*TO DO:*
Before repeating the entries below, strip out every picture and keep all else as it is.

==================================================

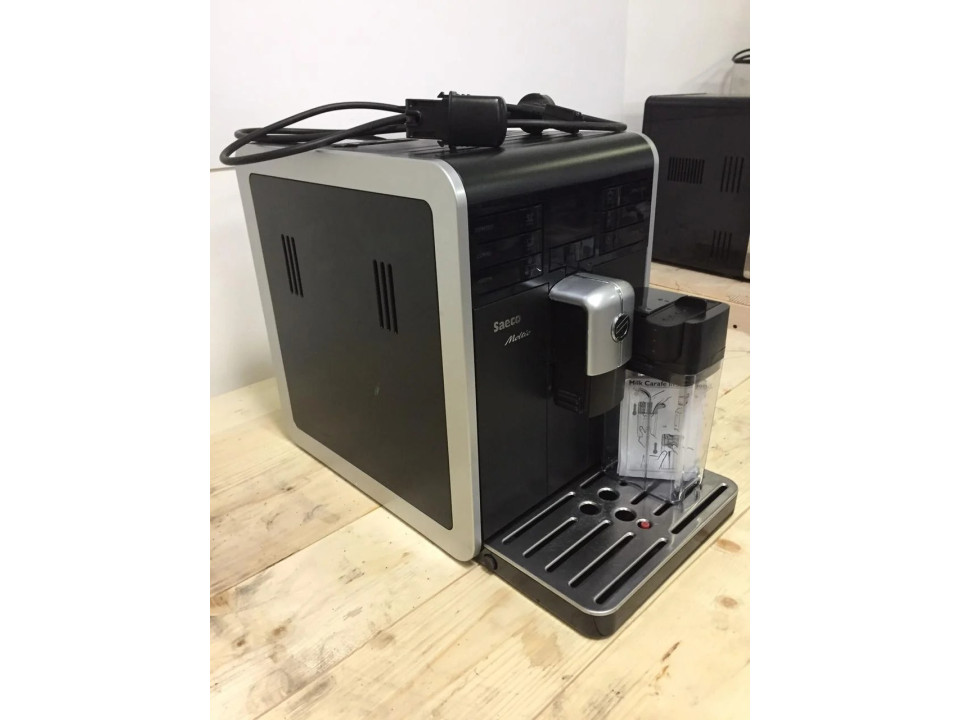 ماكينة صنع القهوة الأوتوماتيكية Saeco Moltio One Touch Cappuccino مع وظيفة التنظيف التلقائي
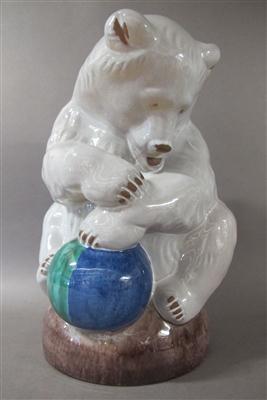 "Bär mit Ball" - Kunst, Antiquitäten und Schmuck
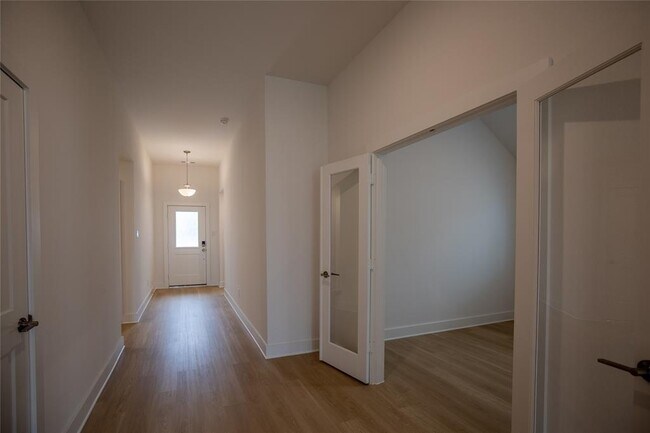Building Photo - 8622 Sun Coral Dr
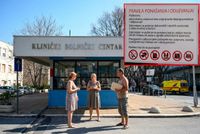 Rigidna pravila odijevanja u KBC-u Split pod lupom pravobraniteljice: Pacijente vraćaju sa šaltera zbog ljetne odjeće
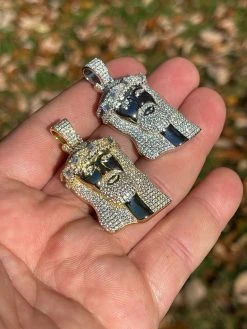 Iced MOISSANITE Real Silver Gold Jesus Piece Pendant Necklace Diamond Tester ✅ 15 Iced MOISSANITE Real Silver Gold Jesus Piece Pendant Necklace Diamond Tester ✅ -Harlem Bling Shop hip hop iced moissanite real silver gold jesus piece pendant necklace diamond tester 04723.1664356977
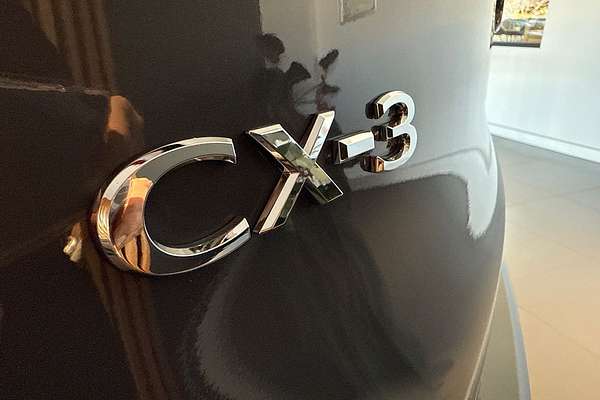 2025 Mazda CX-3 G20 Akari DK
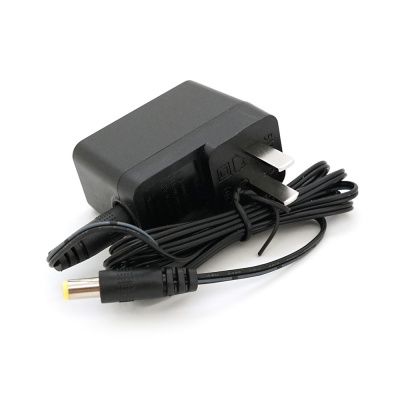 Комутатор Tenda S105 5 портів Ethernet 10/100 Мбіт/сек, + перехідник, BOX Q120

==================================================

*ANSWER BOX:*
 ماكينة صنع القهوة الأوتوماتيكية Saeco Moltio One Touch Cappuccino مع وظيفة التنظيف التلقائي
 "Bär mit Ball" - Kunst, Antiquitäten und Schmuck
Building Photo - 8622 Sun Coral Dr
 Rigidna pravila odijevanja u KBC-u Split pod lupom pravobraniteljice: Pacijente vraćaju sa šaltera zbog ljetne odjeće
 Iced MOISSANITE Real Silver Gold Jesus Piece Pendant Necklace Diamond Tester ✅ 15 Iced MOISSANITE Real Silver Gold Jesus Piece Pendant Necklace Diamond Tester ✅ -Harlem Bling Shop hip hop iced moissanite real silver gold jesus piece pendant necklace diamond tester 04723.1664356977
 2025 Mazda CX-3 G20 Akari DK
 Комутатор Tenda S105 5 портів Ethernet 10/100 Мбіт/сек, + перехідник, BOX Q120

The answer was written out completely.